Home Game —
I stumbled across a story on Jezebel about Tosh.0 encouraging his viewers to record their friends playing a game he calls “Lightly Touching Women’s Stomachs While They’re Sitting Down.”
He doesn’t talk much about the reasons why, but he does say, “Make sure she’s aware that you are in fact feeling a roll.”
I’ve seen a few episodes of Tosh.0 and his cringe-worthy humor. I have a pretty dark and morbid sense of humor, so I’ve found myself laughing in spite of my better judgement. But I’ve grown a bit bored with the whole “cruelty as humor” schtick that seems to have permeated our culture. It’s not that I’m against making jokes about particular groups or stereotypes, but it’s just so easy to be a half-wit asshole that I typically feel sorry for those who rely on cruelty humor for a laugh.
I’ve tackled the issue of fat jokes before, including Jon Stewart’s fat suit, Kathy Griffin’s Bristol Palin jokes, and George Takei’s fat comics.

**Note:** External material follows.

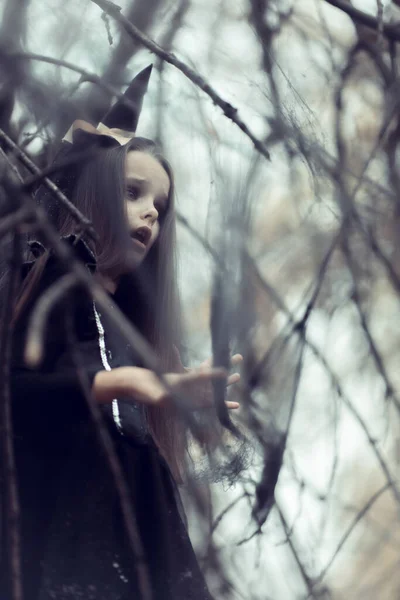 Niña Vestida Con Disfraz Bruja Caminando Bosque Otoñal Con Expresiones — Foto de Stock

Here’s my litmus test for fat jokes: if you’re going to select an identifiable group for your joke, at least make sure it’s clever, original and not needlessly cruel.
In my opinion, Takei and Griffin failed because they told hack jokes (Griffin calling Palin the “white precious” and Takei posting “fat people don’t exercise” jokes), while Stewart’s fat gag just seemed needlessly cruel (no punchline, just Stewart talking about being a disgusting glutton).
My favorite show, Mystery Science Theater 3000, is no stranger to fat jokes, and while some of the RiffTrax episodes I’ve seen do fail the fat joke litmus test, MST3K did a better job of skirting that line. A perfect example of the Satellite of Love walking the fine line between humor and hatred comes from The Creeping Terror, when the abdominal-rific grandpa goes fishing with his grandson.
There are some jokes that are cringeworthy, while others are make up for the fact that they’re directed at a fat person by being so clever and so hilarious that you can’t help but laugh (“Let the current take you away! Swim!”).
I can’t think of a single group that escapes MST’s attention in the series, but since they are clever, original and rarely come as personal attacks on the person represented, they’re enjoyable for anyone who watches them.
The reason I try to distinguish between “good” fat jokes and “bad” fat jokes is because I do believe that humor gets some exceptions for inappropriateness. It’s not like the “humor helmet” Stewart recently skewered in the Rush Limbaugh/Bill Maher kerfuffle over Sandra Fluke — just because you’re a comedian doesn’t mean you’re allowed to say whatever you want because it’s “just a joke.” The words you choose have consequences, and if the words you choose cross that intangible boundary of appropriateness, then people, like me, will call you out for it.
Of course, everyone has their own standards for what “appropriate” humor looks like, but I think most of us can agree that Tosh encouraging his adolescent-minded audience to fondle the fat rolls of women is so far across the line that the line can no longer be seen by the naked eye.
And, of course, his pubescent apostles oblige, submitting videos like this one, where, after touching this THIN woman’s subject, tells her that she shouldn’t eat the dish of pasta in front of her. Now, this would obviously be inappropriate for anyone, but the fact that this woman is visibly thin and he’s telling her not to eat a completely normal lunch makes it pretty disturbing. But really, if any message is getting through in the War on Fat, it’s that women, regardless of their size, just shouldn’t eat.
Fortunately, few of these videos are being posted, with just 11 turning up in a YouTube search, and 3 of them were done by one jackass. In one of his videos, he nearly gets the shit beat out of him, which is kind of fun to watch, though you’re left hoping the woman will smack him a little harder.
So, I’d like to propose another game in the spirit of Tosh.0’s inappropriate touch game. This one is called, “Gently Bending Tosh’s Middle Finger Back Until It Snaps Like a Claussen Pickle.” If you run into Tosh in public, shake his hand, then quickly grip his middle finger and see if you can make it touch the back of his hand. And if any guy touches your belly without your permission, you may assume he is a delegate of Tosh and part of this game.
Be sure to record the hilarity that ensues!